Na, das liest sich doch gleich schon entspannter. :)

Gut, dass das Botanische (Feuerdorn, Ebenstrauß, Scheinfrucht) nicht zur Überlast gerät, auch die übliche lyrische Selbstbespiegelung hält sich hier in erträglichen Grenzen. Und es finden sich daneben tatsächlich eine Menge ganz gebräuchlicher ("normaler") Komposita wie Stadtpark und Herbstwind. Selbst die Reimadverbien "sommerflüchtig" und "septembersichtig" wirken nicht erzwungen und sind leicht verständlich. So weit so ausgeglichen!

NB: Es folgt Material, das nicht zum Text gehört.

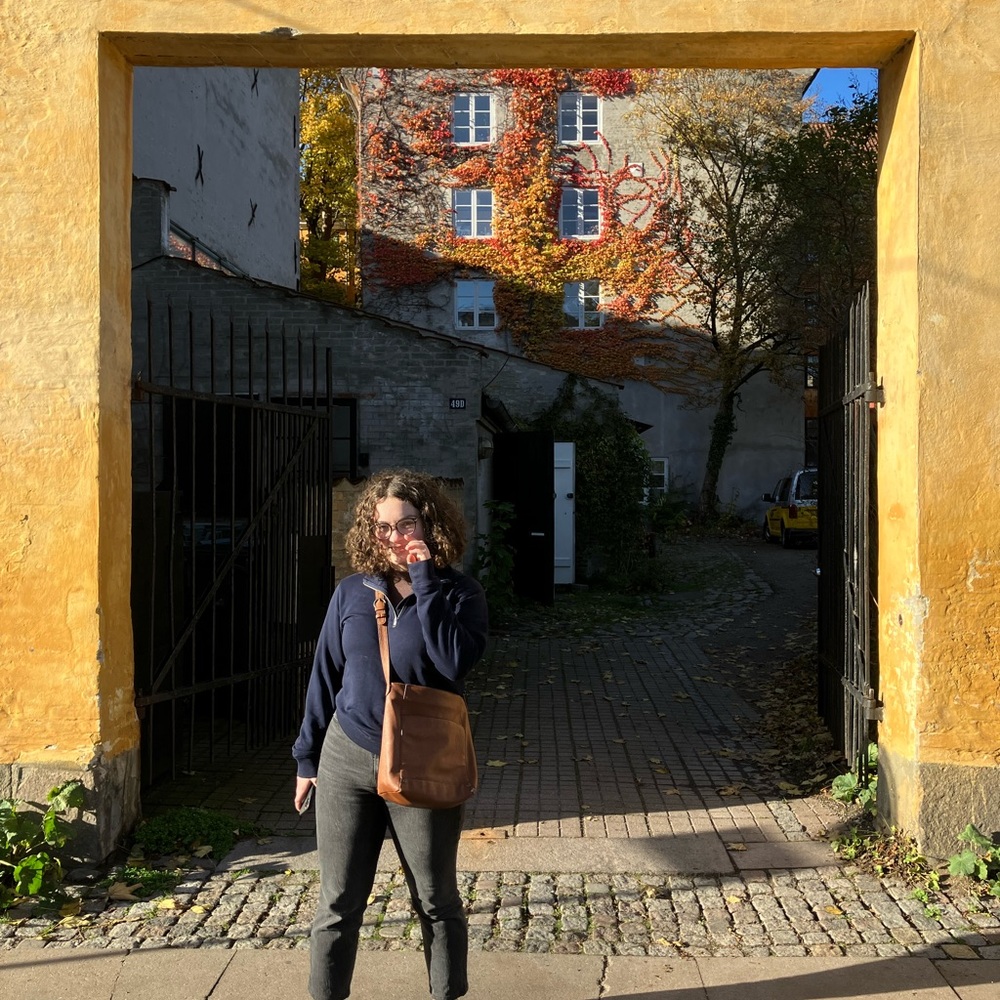 Meet your Posher, Abby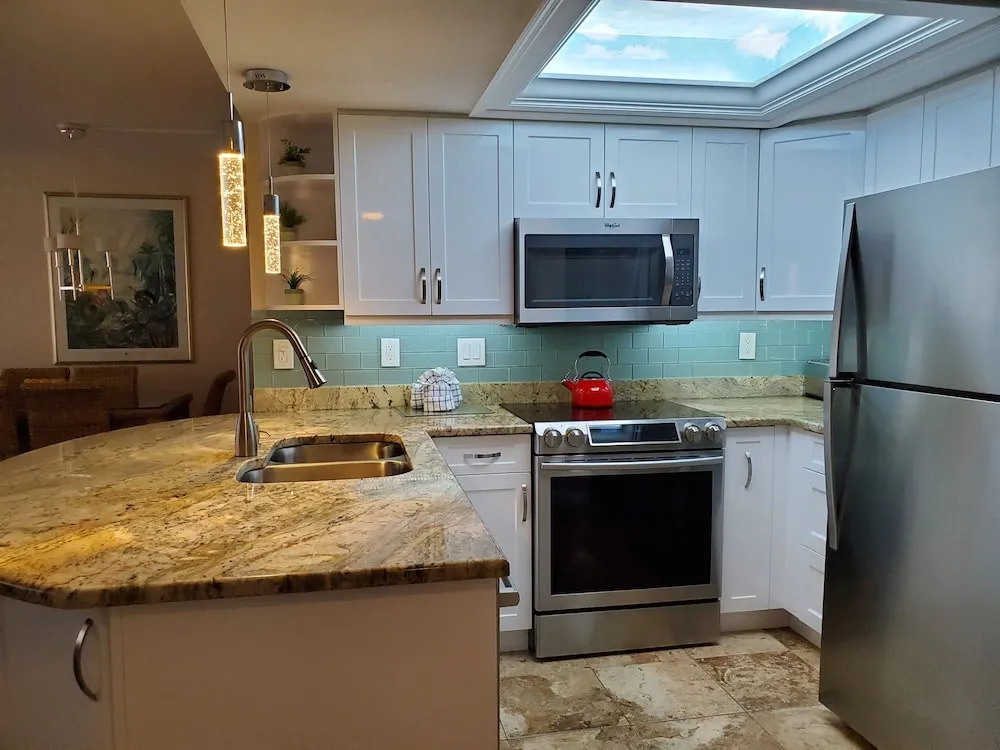 Midnight Cove Ii 811f - Gem On The Bay! 2 Bedroom Condo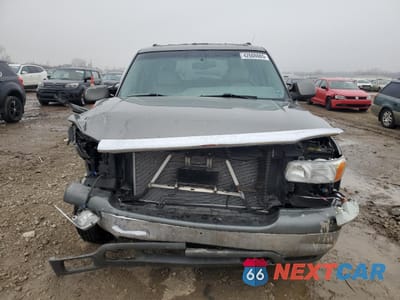 Piąte zdjęcie samochodu w środku: 2001 GMC YUKON XL K1500 VIN:3GKFK16T01G275851 - miniatura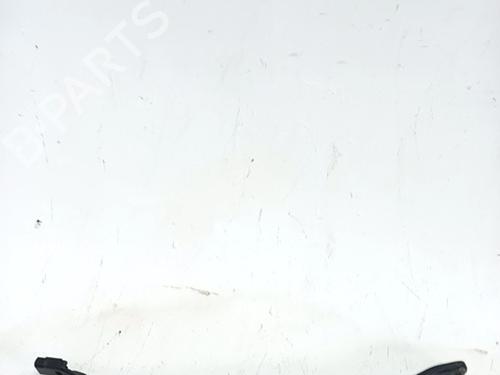 Used Front windshield wiper arm OPEL CORSA F (P2JO) 1.2 (68) (101 hp) 30622228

Was mir noch fehlt, ist eine dritte Strophe, die das Metrum bestätigt und das Thema abrundet. Sie muss keinen Erkenntnisgewinn transportieren, auch keine Moral usw., dass aber die "Scheinfrucht" "gleich vor Ort" geerntet wird, erscheint mir final etwas (zu) banal (,allein schon, weil es anders wohl auch kaum ginge).

Dabei geht es, wie ich es verstehe, hauptsächlich um den sommerflüchtigen Dichter, der sich gierig auf die nun einsetzenden Herbstthemen stürzt, sich aber mit einer scheinbaren Frucht zufrieden gibt. Das könnte aber noch deutlicher herausgearbeitet werden. Als Schnellschuss ist der Text schon mal sehr erfrischend. Weiter so! :)

frühherbstliche Grüße
JB
 

sufnus

Mitglied
Hey James!
Also... ich hatte zwischenzeitlich schon Bedenken, dass mir dieser Sommerschlussgesang immer noch etwas zu unleichtgängig geraten sein könnte und so die versprochene, verschwitzungsfreie Lesbarkeit vor Deinem Richterauge verfehlte.
So ganz kompositafrei (jetzt hätt ich beinahe kompostfrei geschrieben) scheinen sich meine Dichtversuche einfach nicht assemblieren zu wollen und insbesondere die botanischen Begriffe haben tatsächlich noch ein gewisses Hürdenpotenzial. Je nun. Ich taste mich offensichtlich relativ vorsichtig an Leichtsprachlichkeit heran. ;) Schön, dass Du dennoch eine Entspanntheitsmehrung rezipiert hast.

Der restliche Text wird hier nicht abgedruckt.